Material provided →

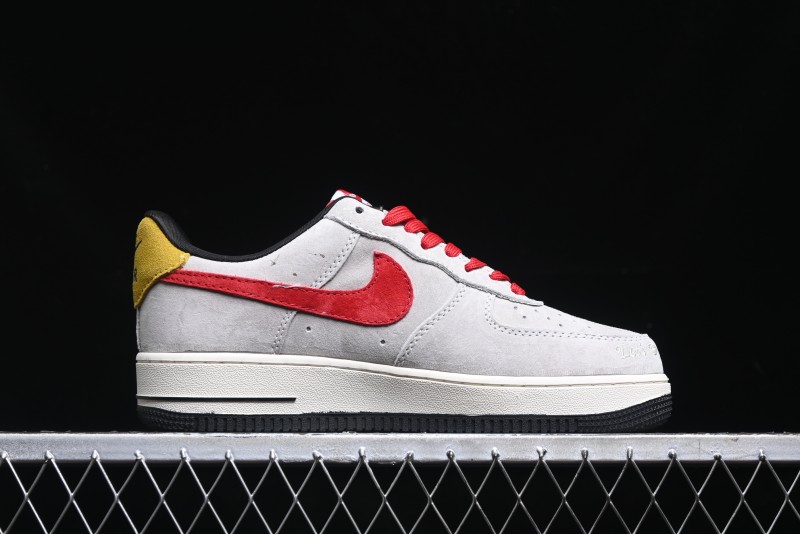 Nike Air Force 1 '07 Low Halloween Collaboration - Red Grey Pig Version Low Top Casual Sneakers - KK1988-020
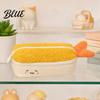 Fun Desk Organizer Fried Shrimp Tail Pencil Case Cute Plush Large Capacity Pouch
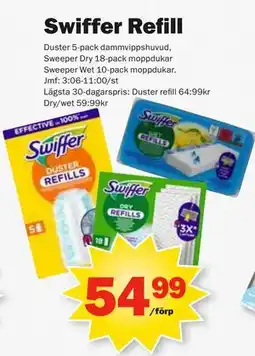 Pekås Swiffer Refill erbjuda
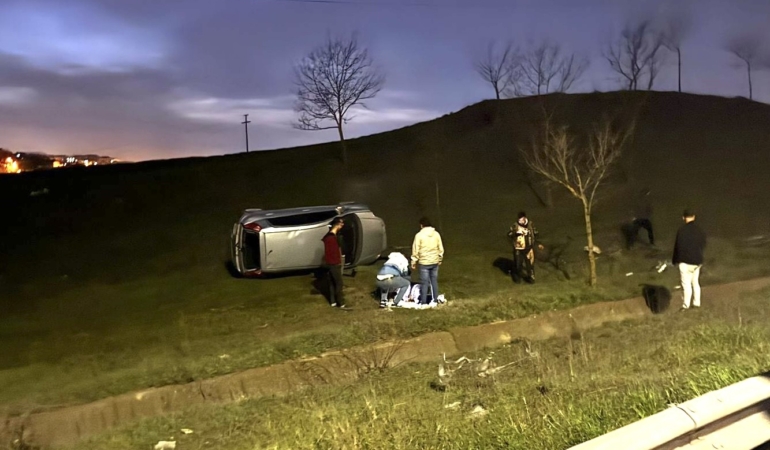 Şarampole uçtu, 5. kez alkollü çıkınca 390 bin lira ceza yedi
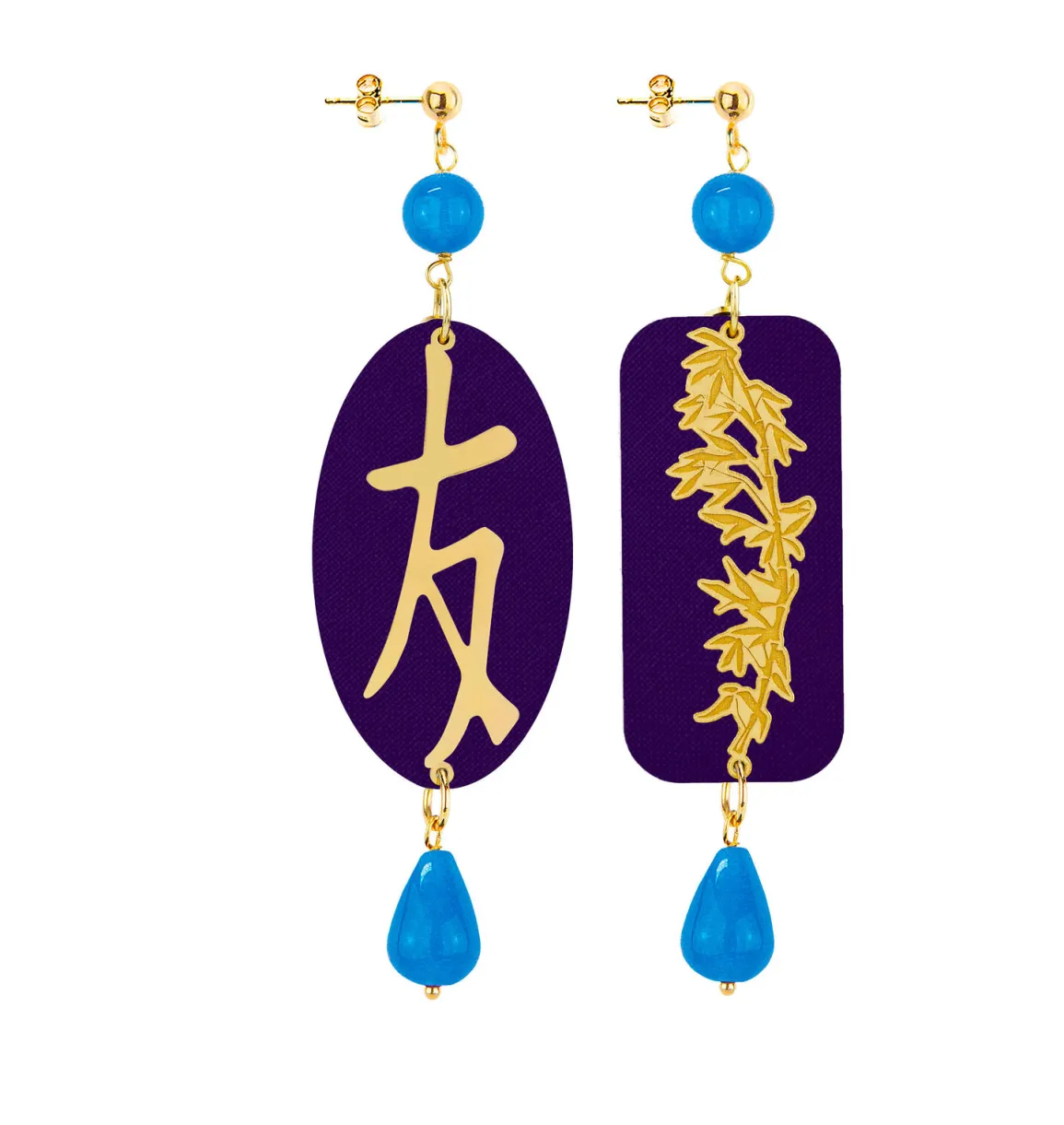 Lebole Maison Orecchini Amicizia Azzurro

Work order → Please give again, word for word, the lines from the one containing "Fun Desk Organizer" through the last line of the listing above, inclusive, and leave out pictures.

Result →
 Fun Desk Organizer Fried Shrimp Tail Pencil Case Cute Plush Large Capacity Pouch
 Pekås Swiffer Refill erbjuda
 Şarampole uçtu, 5. kez alkollü çıkınca 390 bin lira ceza yedi
 Lebole Maison Orecchini Amicizia Azzurro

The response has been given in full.